[EXERCISE BRIEF]: Read the data and repeat all of it exactly.

[RECORD SET]:
---
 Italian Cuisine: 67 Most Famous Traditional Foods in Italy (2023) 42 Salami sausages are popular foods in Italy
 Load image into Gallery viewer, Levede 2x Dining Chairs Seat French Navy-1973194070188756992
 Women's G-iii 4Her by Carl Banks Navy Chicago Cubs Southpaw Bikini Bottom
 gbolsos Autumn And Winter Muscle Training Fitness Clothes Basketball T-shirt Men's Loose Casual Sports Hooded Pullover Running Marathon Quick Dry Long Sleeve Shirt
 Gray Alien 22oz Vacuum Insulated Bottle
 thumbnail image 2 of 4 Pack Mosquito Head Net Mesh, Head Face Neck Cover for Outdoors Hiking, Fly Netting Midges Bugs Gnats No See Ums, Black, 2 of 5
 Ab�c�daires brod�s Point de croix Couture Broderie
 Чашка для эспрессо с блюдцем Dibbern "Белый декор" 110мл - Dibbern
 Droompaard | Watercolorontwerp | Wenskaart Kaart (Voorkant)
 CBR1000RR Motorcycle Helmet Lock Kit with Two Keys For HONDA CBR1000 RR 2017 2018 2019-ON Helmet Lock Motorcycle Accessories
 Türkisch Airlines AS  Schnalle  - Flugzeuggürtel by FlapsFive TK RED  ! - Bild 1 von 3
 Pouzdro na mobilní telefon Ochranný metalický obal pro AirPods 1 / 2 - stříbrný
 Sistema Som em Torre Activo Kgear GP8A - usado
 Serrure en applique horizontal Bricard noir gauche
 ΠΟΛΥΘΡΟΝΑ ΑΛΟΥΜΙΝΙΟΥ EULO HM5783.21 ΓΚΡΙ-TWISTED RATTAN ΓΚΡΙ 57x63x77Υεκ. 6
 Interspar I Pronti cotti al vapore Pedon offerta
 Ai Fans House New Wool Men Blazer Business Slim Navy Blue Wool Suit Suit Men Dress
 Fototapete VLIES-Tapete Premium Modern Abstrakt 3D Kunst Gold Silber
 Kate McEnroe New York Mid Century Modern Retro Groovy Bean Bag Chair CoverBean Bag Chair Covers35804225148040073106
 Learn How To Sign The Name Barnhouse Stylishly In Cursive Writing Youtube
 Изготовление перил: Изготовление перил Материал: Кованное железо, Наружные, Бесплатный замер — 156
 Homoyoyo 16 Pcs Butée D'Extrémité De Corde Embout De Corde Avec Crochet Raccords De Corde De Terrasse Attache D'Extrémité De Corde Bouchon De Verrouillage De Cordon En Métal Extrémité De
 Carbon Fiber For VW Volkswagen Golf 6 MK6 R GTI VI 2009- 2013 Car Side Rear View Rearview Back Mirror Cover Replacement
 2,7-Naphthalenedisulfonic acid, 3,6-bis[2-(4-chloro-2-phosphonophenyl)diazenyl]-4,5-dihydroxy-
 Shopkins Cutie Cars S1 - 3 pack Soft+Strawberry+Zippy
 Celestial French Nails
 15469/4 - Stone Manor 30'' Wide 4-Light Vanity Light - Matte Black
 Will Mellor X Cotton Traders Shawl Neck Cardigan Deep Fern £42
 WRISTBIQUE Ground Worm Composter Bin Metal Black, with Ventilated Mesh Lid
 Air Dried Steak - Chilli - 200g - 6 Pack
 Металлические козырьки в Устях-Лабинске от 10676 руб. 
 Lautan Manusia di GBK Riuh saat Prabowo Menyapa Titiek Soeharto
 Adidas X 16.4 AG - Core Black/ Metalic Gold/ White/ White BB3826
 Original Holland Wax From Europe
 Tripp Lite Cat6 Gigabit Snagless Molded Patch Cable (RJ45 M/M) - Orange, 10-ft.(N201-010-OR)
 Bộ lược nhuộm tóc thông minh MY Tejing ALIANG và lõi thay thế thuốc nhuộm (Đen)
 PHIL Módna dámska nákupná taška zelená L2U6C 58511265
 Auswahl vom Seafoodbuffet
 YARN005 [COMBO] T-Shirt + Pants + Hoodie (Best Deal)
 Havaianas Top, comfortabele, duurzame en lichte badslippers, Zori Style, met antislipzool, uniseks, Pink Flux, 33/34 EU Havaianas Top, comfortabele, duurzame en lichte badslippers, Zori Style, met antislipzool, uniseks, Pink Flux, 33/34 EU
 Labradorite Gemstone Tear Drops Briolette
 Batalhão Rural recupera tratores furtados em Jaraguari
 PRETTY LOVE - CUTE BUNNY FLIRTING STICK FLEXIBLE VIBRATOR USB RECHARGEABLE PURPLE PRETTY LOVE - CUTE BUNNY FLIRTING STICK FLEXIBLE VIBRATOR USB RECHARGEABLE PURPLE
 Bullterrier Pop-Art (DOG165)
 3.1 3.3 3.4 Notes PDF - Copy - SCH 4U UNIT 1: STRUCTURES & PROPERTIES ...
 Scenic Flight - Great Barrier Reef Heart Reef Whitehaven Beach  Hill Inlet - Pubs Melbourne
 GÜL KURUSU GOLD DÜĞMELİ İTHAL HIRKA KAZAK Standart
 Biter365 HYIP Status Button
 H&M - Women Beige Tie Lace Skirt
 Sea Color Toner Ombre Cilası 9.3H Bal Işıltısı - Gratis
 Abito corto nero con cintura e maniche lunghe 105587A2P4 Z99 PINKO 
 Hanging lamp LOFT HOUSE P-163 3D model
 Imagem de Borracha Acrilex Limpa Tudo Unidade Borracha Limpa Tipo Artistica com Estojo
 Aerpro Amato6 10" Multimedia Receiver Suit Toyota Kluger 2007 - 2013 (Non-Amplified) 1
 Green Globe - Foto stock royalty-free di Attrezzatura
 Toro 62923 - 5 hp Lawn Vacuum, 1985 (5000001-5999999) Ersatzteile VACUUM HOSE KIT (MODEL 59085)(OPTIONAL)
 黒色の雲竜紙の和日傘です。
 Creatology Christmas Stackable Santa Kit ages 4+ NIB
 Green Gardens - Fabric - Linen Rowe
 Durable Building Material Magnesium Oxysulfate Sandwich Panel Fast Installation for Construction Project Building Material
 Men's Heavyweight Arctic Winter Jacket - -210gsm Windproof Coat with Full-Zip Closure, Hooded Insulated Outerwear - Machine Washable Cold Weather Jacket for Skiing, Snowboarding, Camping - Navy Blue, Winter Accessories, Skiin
---
[EXERCISE RESULT]:
 Italian Cuisine: 67 Most Famous Traditional Foods in Italy (2023) 42 Salami sausages are popular foods in Italy
 Load image into Gallery viewer, Levede 2x Dining Chairs Seat French Navy-1973194070188756992
 Women's G-iii 4Her by Carl Banks Navy Chicago Cubs Southpaw Bikini Bottom
 gbolsos Autumn And Winter Muscle Training Fitness Clothes Basketball T-shirt Men's Loose Casual Sports Hooded Pullover Running Marathon Quick Dry Long Sleeve Shirt
 Gray Alien 22oz Vacuum Insulated Bottle
 thumbnail image 2 of 4 Pack Mosquito Head Net Mesh, Head Face Neck Cover for Outdoors Hiking, Fly Netting Midges Bugs Gnats No See Ums, Black, 2 of 5
 Ab�c�daires brod�s Point de croix Couture Broderie
 Чашка для эспрессо с блюдцем Dibbern "Белый декор" 110мл - Dibbern
 Droompaard | Watercolorontwerp | Wenskaart Kaart (Voorkant)
 CBR1000RR Motorcycle Helmet Lock Kit with Two Keys For HONDA CBR1000 RR 2017 2018 2019-ON Helmet Lock Motorcycle Accessories
 Türkisch Airlines AS  Schnalle  - Flugzeuggürtel by FlapsFive TK RED  ! - Bild 1 von 3
 Pouzdro na mobilní telefon Ochranný metalický obal pro AirPods 1 / 2 - stříbrný
 Sistema Som em Torre Activo Kgear GP8A - usado
 Serrure en applique horizontal Bricard noir gauche
 ΠΟΛΥΘΡΟΝΑ ΑΛΟΥΜΙΝΙΟΥ EULO HM5783.21 ΓΚΡΙ-TWISTED RATTAN ΓΚΡΙ 57x63x77Υεκ. 6
 Interspar I Pronti cotti al vapore Pedon offerta
 Ai Fans House New Wool Men Blazer Business Slim Navy Blue Wool Suit Suit Men Dress
 Fototapete VLIES-Tapete Premium Modern Abstrakt 3D Kunst Gold Silber
 Kate McEnroe New York Mid Century Modern Retro Groovy Bean Bag Chair CoverBean Bag Chair Covers35804225148040073106
 Learn How To Sign The Name Barnhouse Stylishly In Cursive Writing Youtube
 Изготовление перил: Изготовление перил Материал: Кованное железо, Наружные, Бесплатный замер — 156
 Homoyoyo 16 Pcs Butée D'Extrémité De Corde Embout De Corde Avec Crochet Raccords De Corde De Terrasse Attache D'Extrémité De Corde Bouchon De Verrouillage De Cordon En Métal Extrémité De
 Carbon Fiber For VW Volkswagen Golf 6 MK6 R GTI VI 2009- 2013 Car Side Rear View Rearview Back Mirror Cover Replacement
 2,7-Naphthalenedisulfonic acid, 3,6-bis[2-(4-chloro-2-phosphonophenyl)diazenyl]-4,5-dihydroxy-
 Shopkins Cutie Cars S1 - 3 pack Soft+Strawberry+Zippy
 Celestial French Nails
 15469/4 - Stone Manor 30'' Wide 4-Light Vanity Light - Matte Black
 Will Mellor X Cotton Traders Shawl Neck Cardigan Deep Fern £42
 WRISTBIQUE Ground Worm Composter Bin Metal Black, with Ventilated Mesh Lid
 Air Dried Steak - Chilli - 200g - 6 Pack
 Металлические козырьки в Устях-Лабинске от 10676 руб. 
 Lautan Manusia di GBK Riuh saat Prabowo Menyapa Titiek Soeharto
 Adidas X 16.4 AG - Core Black/ Metalic Gold/ White/ White BB3826
 Original Holland Wax From Europe
 Tripp Lite Cat6 Gigabit Snagless Molded Patch Cable (RJ45 M/M) - Orange, 10-ft.(N201-010-OR)
 Bộ lược nhuộm tóc thông minh MY Tejing ALIANG và lõi thay thế thuốc nhuộm (Đen)
 PHIL Módna dámska nákupná taška zelená L2U6C 58511265
 Auswahl vom Seafoodbuffet
 YARN005 [COMBO] T-Shirt + Pants + Hoodie (Best Deal)
 Havaianas Top, comfortabele, duurzame en lichte badslippers, Zori Style, met antislipzool, uniseks, Pink Flux, 33/34 EU Havaianas Top, comfortabele, duurzame en lichte badslippers, Zori Style, met antislipzool, uniseks, Pink Flux, 33/34 EU
 Labradorite Gemstone Tear Drops Briolette
 Batalhão Rural recupera tratores furtados em Jaraguari
 PRETTY LOVE - CUTE BUNNY FLIRTING STICK FLEXIBLE VIBRATOR USB RECHARGEABLE PURPLE PRETTY LOVE - CUTE BUNNY FLIRTING STICK FLEXIBLE VIBRATOR USB RECHARGEABLE PURPLE
 Bullterrier Pop-Art (DOG165)
 3.1 3.3 3.4 Notes PDF - Copy - SCH 4U UNIT 1: STRUCTURES & PROPERTIES ...
 Scenic Flight - Great Barrier Reef Heart Reef Whitehaven Beach  Hill Inlet - Pubs Melbourne
 GÜL KURUSU GOLD DÜĞMELİ İTHAL HIRKA KAZAK Standart
 Biter365 HYIP Status Button
 H&M - Women Beige Tie Lace Skirt
 Sea Color Toner Ombre Cilası 9.3H Bal Işıltısı - Gratis
 Abito corto nero con cintura e maniche lunghe 105587A2P4 Z99 PINKO 
 Hanging lamp LOFT HOUSE P-163 3D model
 Imagem de Borracha Acrilex Limpa Tudo Unidade Borracha Limpa Tipo Artistica com Estojo
 Aerpro Amato6 10" Multimedia Receiver Suit Toyota Kluger 2007 - 2013 (Non-Amplified) 1
 Green Globe - Foto stock royalty-free di Attrezzatura
 Toro 62923 - 5 hp Lawn Vacuum, 1985 (5000001-5999999) Ersatzteile VACUUM HOSE KIT (MODEL 59085)(OPTIONAL)
 黒色の雲竜紙の和日傘です。
 Creatology Christmas Stackable Santa Kit ages 4+ NIB
 Green Gardens - Fabric - Linen Rowe
 Durable Building Material Magnesium Oxysulfate Sandwich Panel Fast Installation for Construction Project Building Material
 Men's Heavyweight Arctic Winter Jacket - -210gsm Windproof Coat with Full-Zip Closure, Hooded Insulated Outerwear - Machine Washable Cold Weather Jacket for Skiing, Snowboarding, Camping - Navy Blue, Winter Accessories, Skiin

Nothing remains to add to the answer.